Pass or Fail: Teacher Qualifications for Standardized Education

In this multi-part series, I provide a dissection of the phenomenon of retention and social promotion. Also, I describe the many different methods that would improve student instruction in classrooms and eliminate the need for retention and social promotion if combined effectively.

While reading this series, periodically ask yourself this question: Why are educators, parents and the American public complicit in a practice that does demonstrable harm to children and the competitive future of the country?

Teachers are held to a higher standard than other professions – both in the classrooms and in their personal lives. Fair or unfair, it’s just part of the job. When it comes to documented “standards,” it seems like the rules are constantly changing for American educators – but is it for the betterment, or to the detriment, of students?

To get a sense of where teacher qualifications are right now, let’s consider the National Center for Educational Statistics (NCES) and their study of teaching qualifications and other trends among teachers of mathematics, English, and science. According to the NCES report for 2010, only about 80 percent of teachers teaching English or science had majored in their main area of teaching. Only about 70 percent of mathematics teachers had majored in their main assignment, and only 60 percent of these were certified.

Thus, only 42 percent of secondary level math teachers both majored in math and have a certificate to teach it. Although substantially more English and science teachers had at least majored in the subject they taught, it is still somewhat disconcerting that fully one on five English and science teachers had minimal exposure to the material they were attempting to teach. One of the first areas of concern, therefore, is the actual qualifications of teachers. Not only should we be concerned about teachers’ qualifications to teach; we apparently need to look into the degree to which they have mastered the material they are tasked with teaching.

It is also of no small concern that 12 percent of mathematics teachers have neither a teaching qualification nor a math specific qualification in schools in which at least half of the students are African-American. This suggests a racially based disparity.

Before considering the preparation of teachers to teach specific age-groups or subjects, we also need to consider what core aspects of knowledge and core skills teachers should be able to demonstrate to be considered competent.

Because of the importance of standards in the educational setting and the current reliance on state testing, several researchers have concentrated on the importance of accountability strategies.

Mathison and Freeman, for instance, discuss some of the current accountability strategies for school reform relying heavily on measured outcomes and especially student achievement linked to specific levels of performance. Their discussion also addresses research on elementary and middle school competencies targeting classroom experiences and involving conversations with teachers.

The results of these extended studies point to a tension between teachers’ desire to be professional, on the one hand, and their desire to give students the best chance to succeed within standardized testing scenarios, on the other.
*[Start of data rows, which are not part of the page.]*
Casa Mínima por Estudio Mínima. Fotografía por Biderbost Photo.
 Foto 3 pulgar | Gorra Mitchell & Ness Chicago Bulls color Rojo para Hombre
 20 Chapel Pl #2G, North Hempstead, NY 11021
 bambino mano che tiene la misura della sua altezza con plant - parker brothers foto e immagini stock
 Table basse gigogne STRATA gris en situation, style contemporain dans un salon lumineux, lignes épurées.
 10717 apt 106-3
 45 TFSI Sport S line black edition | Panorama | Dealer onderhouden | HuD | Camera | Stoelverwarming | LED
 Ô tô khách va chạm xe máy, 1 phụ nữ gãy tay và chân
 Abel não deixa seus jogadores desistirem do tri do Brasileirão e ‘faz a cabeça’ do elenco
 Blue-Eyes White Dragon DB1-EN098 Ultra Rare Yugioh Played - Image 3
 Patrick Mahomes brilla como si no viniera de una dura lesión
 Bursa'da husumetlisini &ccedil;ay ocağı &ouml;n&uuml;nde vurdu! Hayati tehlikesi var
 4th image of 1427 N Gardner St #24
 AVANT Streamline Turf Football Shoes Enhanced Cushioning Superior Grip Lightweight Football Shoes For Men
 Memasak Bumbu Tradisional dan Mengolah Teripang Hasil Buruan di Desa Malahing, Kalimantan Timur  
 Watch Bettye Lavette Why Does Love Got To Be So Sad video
Their research also suggests that the centralized curriculum mandates and high-stakes testing scenarios force teachers to act in ways that they consider to be lacking in integrity. Teachers feel that some of their actions, designed to support student success in examinations, do not fit within the scope of what they consider to be professionally ethical or reasonable.

Aaronsohn goes so far as to suggest the removal of grades from teaching all together. She suggests this as a means of overcoming the notion of “teacher-pleasing” among students and teaching for memorization. Aaronsohn outlines efforts to investigate student perceptions discussing the extent to which students indicated that they tended to focus on “figuring out the right answers and the correct behaviors each teacher required of them for them to get top grades or, at best, merely survive each class session.”

In a national study examining effective literacy teaching practices in early school years in Australia, researchers found that students with learning difficulties in literacy and numeracy benefited from certain teaching patterns that could well be transferable to different learning scenarios. In considering the problems of teaching literacy and numeracy, however, the study also outlined some of the underlining struggles in education, in teaching specifically.

The National Reading Panel of 2000 in the United States has also had some impact on Australian models. The Australian study mentioned concentrates on building an evidential link between children’s development in English literacy in early school years and their teachers’ classroom teaching practices. Specifically, the study showed that value-added analysis of student assessments showed teachers pushing six dimensions of literacy in their teaching practice: participation, knowledge, orchestration, support, differentiation, and respect.